Above the physical layer is the data link layer, which specifies, among other matters, how a user accesses the communication medium and related framing, error correction, and addressing issues. The particular set of rules within the data link layer associated with accessing the medium are denoted as the media access control (MAC) sublayer. Without such a layer, a user would not be able to, for example, distinguish idle transmissions from data-containing transmissions. In general, the data link layer will be strongly influenced by the actual transmission medium being used. Thus, the MAC sublayer must be changed depending upon the transmission medium and the communication protocol being supported.
Two approaches are conventionally used to implement the MAC sublayer. In a dedicated approach, each communication protocol being supported requires its own MAC sublayer hardware. For example, each station in a one gigabit Ethernet network may have an application-specific integrated circuit (ASIC) dedicated to performing the appropriate MAC sublayer. Should the network also support a 10 gigabit Ethernet protocol, each station would need another ASIC to support the corresponding MAC sublayer.
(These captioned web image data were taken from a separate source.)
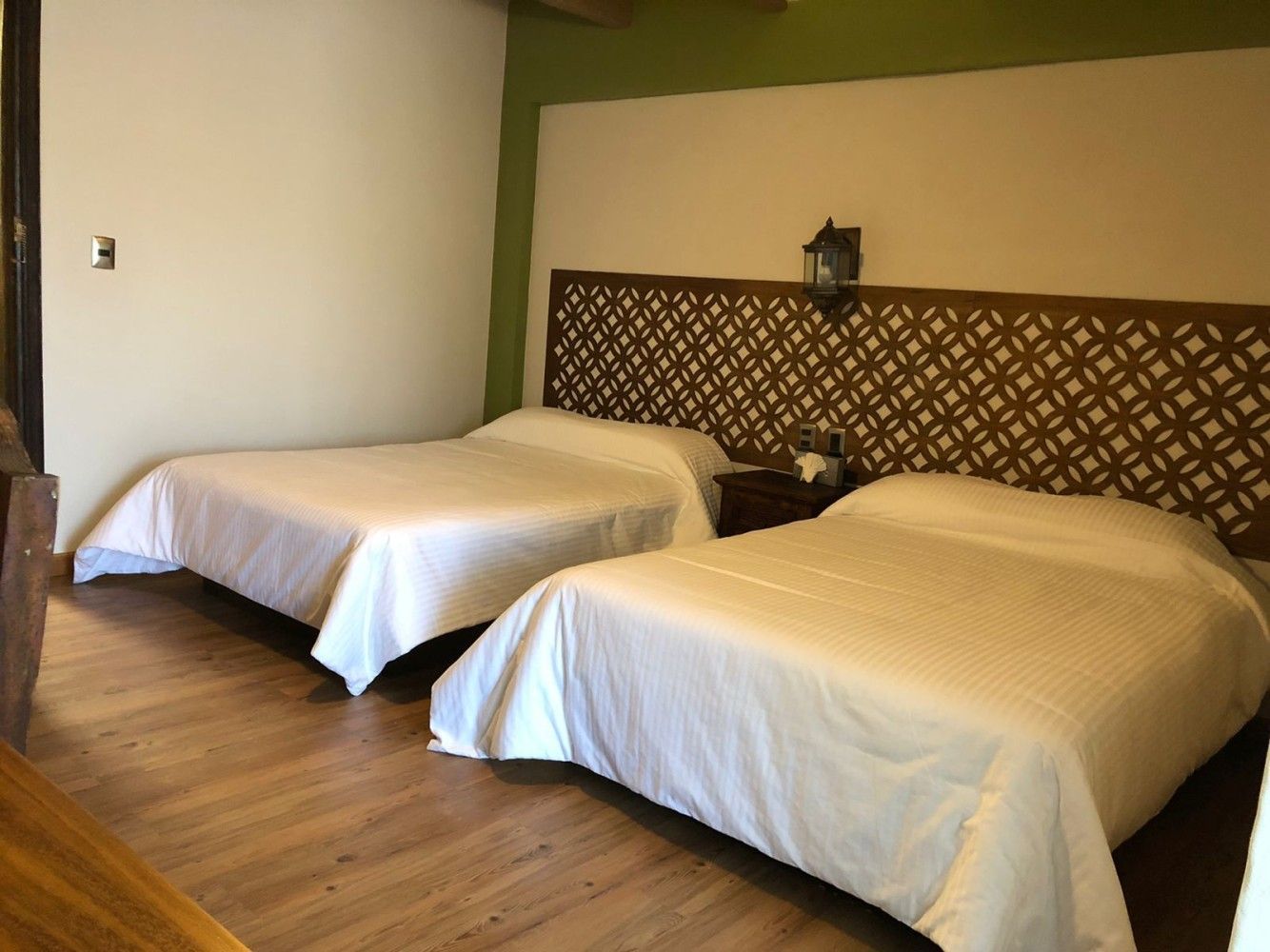 Habitación de hotel con dos camas, sábanas blancas, suelo de madera y cabecero de cama estampado.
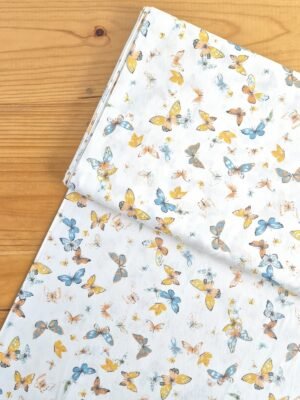 Vista superior de tela sarga con estampado de mariposas naranjas y azules sobre fondo blanco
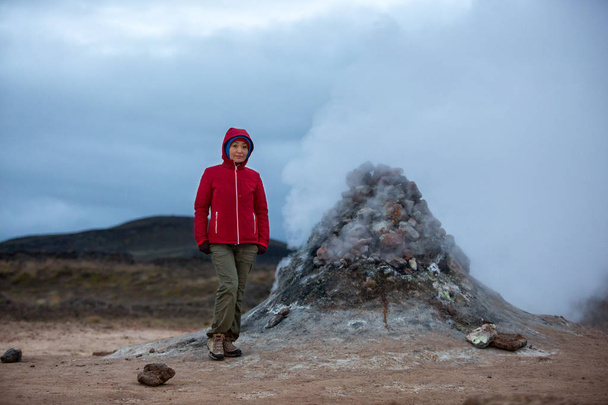A girl tourist in a red jacket stands against the background of sulfuric smoke erupting from the ground. - Фото, зображення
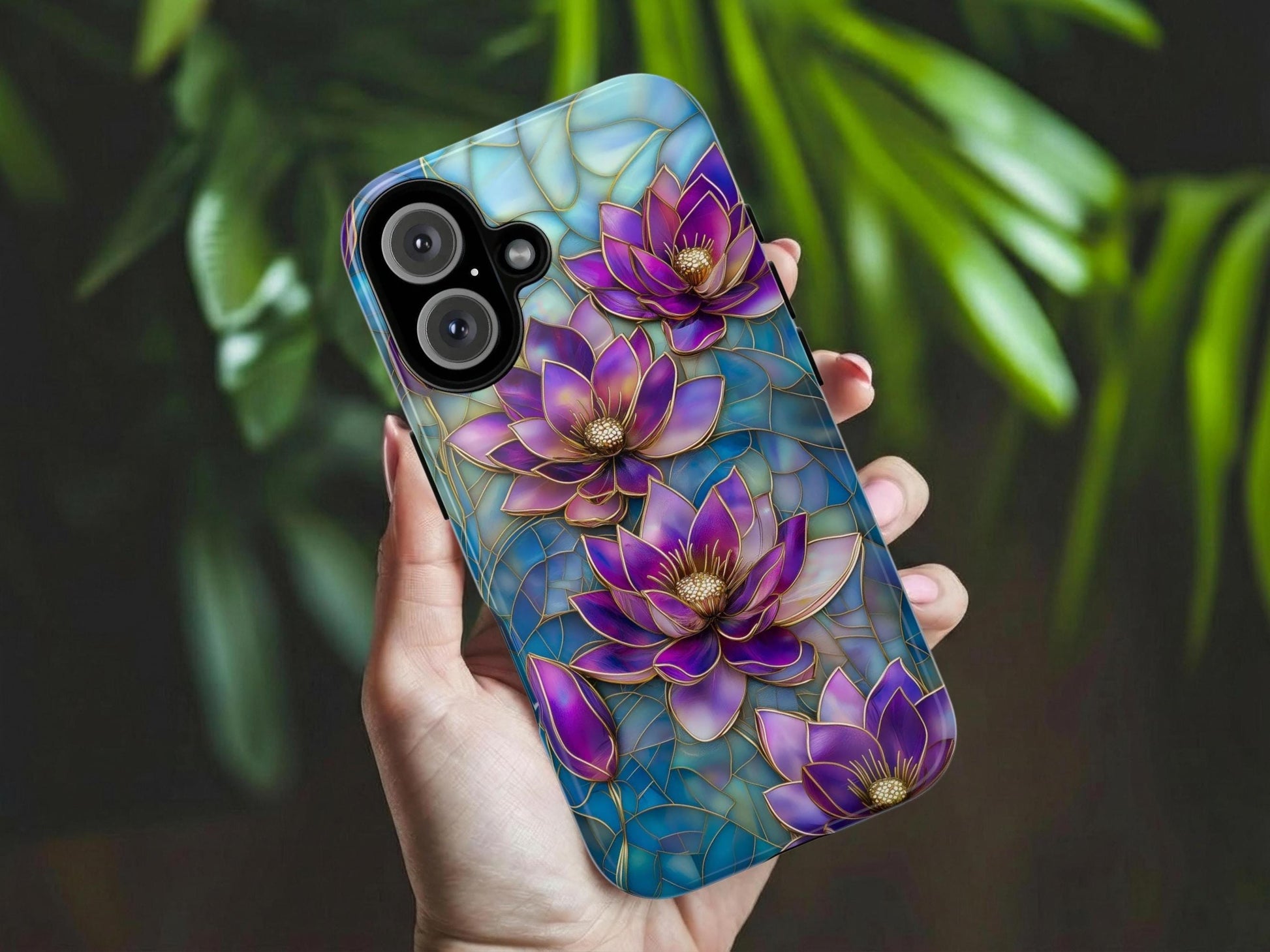 A hand holds the Purple Lotus Phone Case by Golden Value SG features stunning purple and violet lotus flowers with intricate gold-outlined petals set against a luminous mosaic stained glass background in shades of blue and teal. Multiple blooms and buds are arranged across the design with golden stamens at each center, creating a rich, jewel-toned, luxurious floral art nouveau aesthetic. Green foliage is softly blurred in the background.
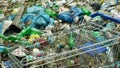 OLOMOUC, CZECH REPUBLIC, JANUARY 2, 2019: Rubbish forest shopping cart black dump waste and landscape garbage bags of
Alternatively, a software-implemented approach may be used. In such a technique, a processor loaded with the appropriate software implements the MAC layer.
Each of the above-described approaches suffers from certain disadvantages. Although a dedicated hardware approach offers relatively fast processing speeds, each communication protocols being supported demands more die area since it most have its own MAC sublayer ASIC. Although a software-implemented approach does not require additional die area for each protocol being supported, it suffers from relatively lower processing speed. Thus, a user desiring a system which supports multiple communication protocols is faced with a quandary: choose dedicated MAC sublayer hardware for each protocol to get better processing speed but suffer from increased die space demands or use a processor to implement the necessary MAC sublayers but suffer from lower processing speed.
Accordingly, there is a need in the art for improved techniques to implement the MAC sublayer in communication systems supporting multiple communication protocols.